The data below holds a line containing "Coconut mango vanilla" and a line containing "- Measurements Taken From Size Small"; please quote exactly those two lines and every line between them, and nothing else.

*** Opening of DATA FOR PROCESSING ***

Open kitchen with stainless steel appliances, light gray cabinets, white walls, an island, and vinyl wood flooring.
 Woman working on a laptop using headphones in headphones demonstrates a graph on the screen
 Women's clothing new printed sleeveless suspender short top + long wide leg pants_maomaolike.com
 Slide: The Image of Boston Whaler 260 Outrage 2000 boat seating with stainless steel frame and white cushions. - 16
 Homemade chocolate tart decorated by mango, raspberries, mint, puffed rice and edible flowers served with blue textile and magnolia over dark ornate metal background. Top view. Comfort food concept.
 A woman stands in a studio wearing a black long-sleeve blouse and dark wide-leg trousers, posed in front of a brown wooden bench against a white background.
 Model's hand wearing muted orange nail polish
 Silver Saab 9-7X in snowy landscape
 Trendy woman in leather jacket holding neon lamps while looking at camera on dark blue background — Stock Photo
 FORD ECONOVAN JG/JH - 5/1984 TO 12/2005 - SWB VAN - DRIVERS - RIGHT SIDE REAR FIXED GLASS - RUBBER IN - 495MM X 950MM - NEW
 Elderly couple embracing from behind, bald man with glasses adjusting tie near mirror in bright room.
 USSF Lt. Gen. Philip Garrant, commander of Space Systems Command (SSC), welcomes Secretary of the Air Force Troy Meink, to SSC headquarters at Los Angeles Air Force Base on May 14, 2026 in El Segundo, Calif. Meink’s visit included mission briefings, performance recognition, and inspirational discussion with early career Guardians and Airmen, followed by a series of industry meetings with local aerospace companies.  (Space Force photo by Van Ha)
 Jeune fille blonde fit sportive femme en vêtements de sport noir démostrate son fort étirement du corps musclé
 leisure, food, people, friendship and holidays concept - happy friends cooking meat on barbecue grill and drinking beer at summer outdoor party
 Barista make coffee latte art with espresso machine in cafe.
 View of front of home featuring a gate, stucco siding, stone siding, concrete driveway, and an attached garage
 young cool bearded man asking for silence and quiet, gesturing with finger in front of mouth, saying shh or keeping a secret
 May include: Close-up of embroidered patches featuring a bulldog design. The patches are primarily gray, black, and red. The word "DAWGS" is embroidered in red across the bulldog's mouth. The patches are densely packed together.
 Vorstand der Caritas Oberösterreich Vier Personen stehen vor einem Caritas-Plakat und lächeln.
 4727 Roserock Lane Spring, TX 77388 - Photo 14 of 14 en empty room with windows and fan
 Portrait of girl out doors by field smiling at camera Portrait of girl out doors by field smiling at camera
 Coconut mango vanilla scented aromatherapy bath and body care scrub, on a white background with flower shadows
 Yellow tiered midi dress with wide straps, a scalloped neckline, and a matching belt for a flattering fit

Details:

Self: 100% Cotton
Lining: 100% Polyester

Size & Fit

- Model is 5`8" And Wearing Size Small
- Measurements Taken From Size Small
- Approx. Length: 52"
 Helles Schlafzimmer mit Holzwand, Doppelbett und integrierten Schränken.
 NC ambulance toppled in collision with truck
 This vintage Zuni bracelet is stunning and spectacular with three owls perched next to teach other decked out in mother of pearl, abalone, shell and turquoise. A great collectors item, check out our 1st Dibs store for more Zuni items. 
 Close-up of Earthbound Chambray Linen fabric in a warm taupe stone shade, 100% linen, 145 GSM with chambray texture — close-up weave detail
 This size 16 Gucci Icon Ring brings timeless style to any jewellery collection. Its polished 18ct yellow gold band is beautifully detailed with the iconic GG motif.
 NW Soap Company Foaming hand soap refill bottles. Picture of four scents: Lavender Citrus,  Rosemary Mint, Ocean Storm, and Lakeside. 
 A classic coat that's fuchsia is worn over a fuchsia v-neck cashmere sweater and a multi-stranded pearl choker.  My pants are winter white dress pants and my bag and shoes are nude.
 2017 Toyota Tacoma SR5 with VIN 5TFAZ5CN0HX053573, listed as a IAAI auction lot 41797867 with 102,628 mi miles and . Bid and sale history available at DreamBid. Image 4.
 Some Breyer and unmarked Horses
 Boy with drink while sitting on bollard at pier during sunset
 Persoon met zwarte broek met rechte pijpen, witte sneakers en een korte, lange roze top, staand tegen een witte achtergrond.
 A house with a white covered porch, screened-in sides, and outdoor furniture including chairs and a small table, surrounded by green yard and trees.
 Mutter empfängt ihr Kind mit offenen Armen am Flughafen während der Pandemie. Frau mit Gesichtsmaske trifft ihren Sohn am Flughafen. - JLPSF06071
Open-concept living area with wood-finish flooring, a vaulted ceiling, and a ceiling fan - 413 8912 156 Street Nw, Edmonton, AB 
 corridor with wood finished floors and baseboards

*** Close of DATA FOR PROCESSING ***

→ COMPLETED EXERCISE
 Coconut mango vanilla scented aromatherapy bath and body care scrub, on a white background with flower shadows
 Yellow tiered midi dress with wide straps, a scalloped neckline, and a matching belt for a flattering fit

Details:

Self: 100% Cotton
Lining: 100% Polyester

Size & Fit

- Model is 5`8" And Wearing Size Small
- Measurements Taken From Size Small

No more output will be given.